Outre concurrencer les pays voisins, cette politique a de nombreux objectifs. A une époque où la parole écologique prend de l’ampleur, il est nécessaire pour ce pays dépendant du pétrole, énergie non-renouvelable, de diversifier son économie. Premier producteur mondial de pétrole, les Saoudiens ont sûrement à cœur d’anticiper les changements de mode de consommation. Miser sur le sport permet aussi par conséquence de faire du tourisme une part importante de son économie. En effet, qui dit sport dit aussi la venue de journalistes et spectateurs du monde entier qui consommeront sur place. Et c’est bien du monde entier que tout ces personnes viennent : médias occidentaux, équipes américaines et européennes mais surtout sportifs de tous les continents ! C’est donc aussi à une échelle internationale que l’Arabie Saoudite place ses pions…
Une politique efficace ?
Cette politique, basée sur l’image et la communication, n’est utilisée que depuis peu. On peut estimer que tout cela est né au début du siècle (la première édition du Tour du Qatar a eu lieu en 2002). Mais, depuis le pari semble tenu puisque désormais la péninsule arabique joue un rôle prépondérant dans l’échiquier sportif mondial. Les instances sportives occidentales comme la FIFA ou ASO semblent être pleinement entrés dans le jeu : « Je suis très heureux de voir que le sport, qu’il soit de masse ou d’élite se développe en Arabie » a notamment déclaré Thomas Bach, président du CIO (Comité International Olympique), durant la visite d’installations.

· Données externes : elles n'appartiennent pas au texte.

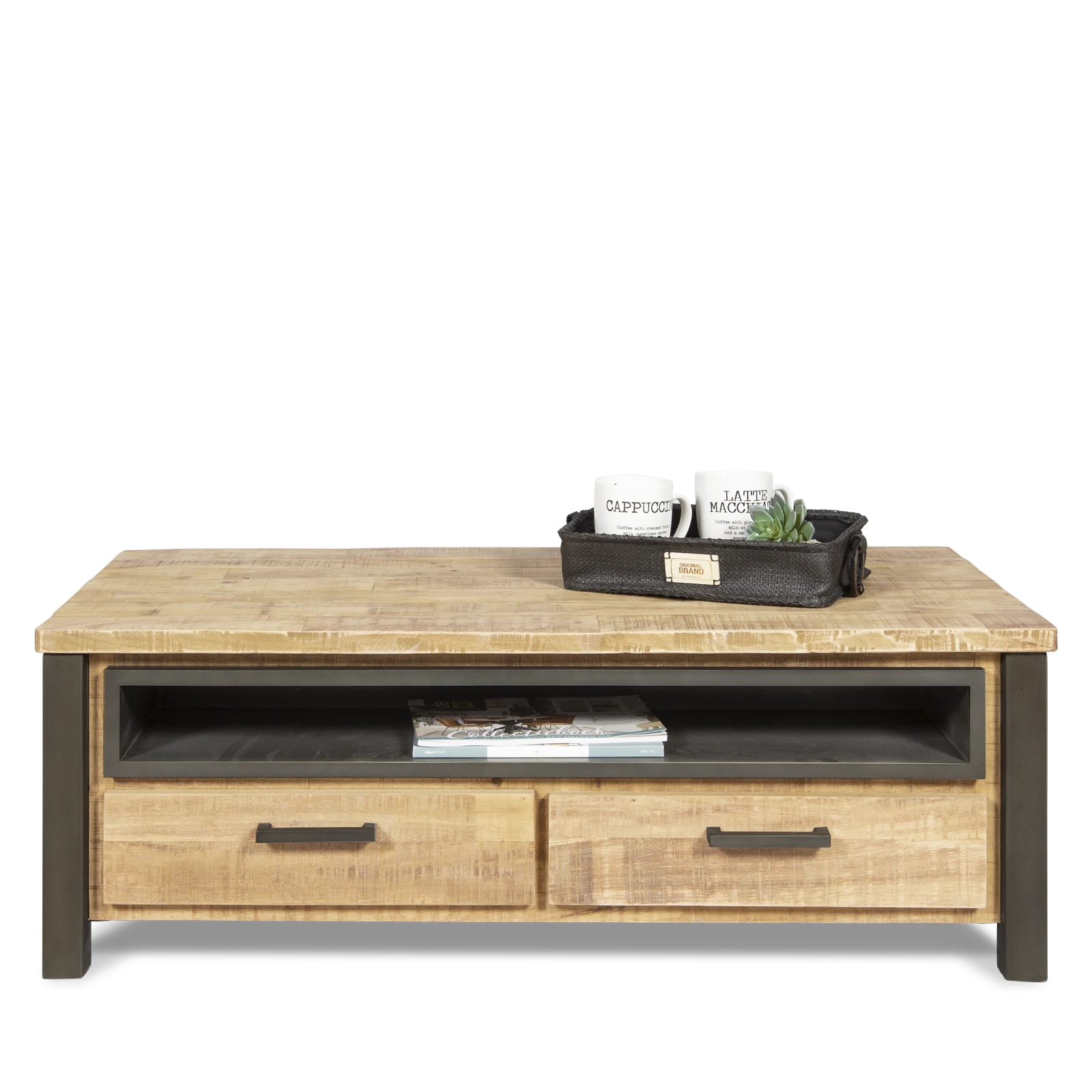 Salontafel Steelwood - Seasoned Brown/Metaal Zwart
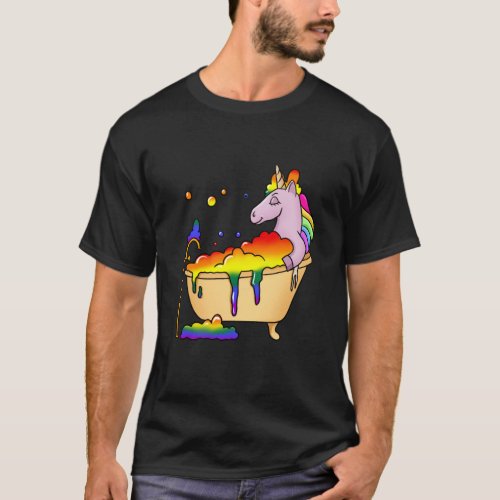 Bath Bomb _ Unicorn Bathing in Bathtub LBGT T_Shirt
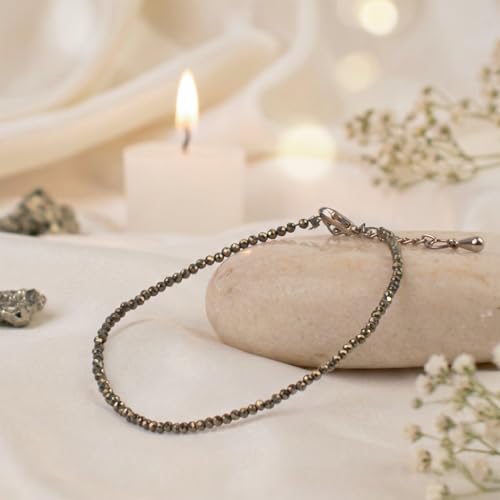 Image of Astrotalk Raw Pyrite Anklet | Stone of Money, Protection & Power | Natural Pyrite Anklet for Women | Healing Crystal Jewellery for Women | Gift for Woman & Girlfriend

De leur côté, les ONG comme Amnesty International ne peuvent pas faire grand chose si ce n’est appeler au boycott de ces événements au nom des Droits de l’Homme. A noter aussi que Liverpool avait refusé d’être logé dans un hôtel 5 étoiles afin de dénoncer les conditions de travail des employés. Car pendant que les plus grands sportifs s’affrontent, des milliers d’ouvriers, immigrés pour la plupart, subissent les contre-coups de cette politique. Au Qatar, des centaines d’ouvriers sont morts sur les chantiers des stades de la Coupe du Monde de football 2022 du fait des mauvaises conditions de travail. Tragique sport.

Les champions du monde Mark Cavendish et Rui Costa ainsi que Nacer Bouhanni ou encore Niki Terpstra seront au départ du Tour d’Arabie Saoudite (du 4 au 8 février). Par la suite, le Tour des Emirats arabes unis et le Tour d’Oman rythmeront le calendrier cycliste.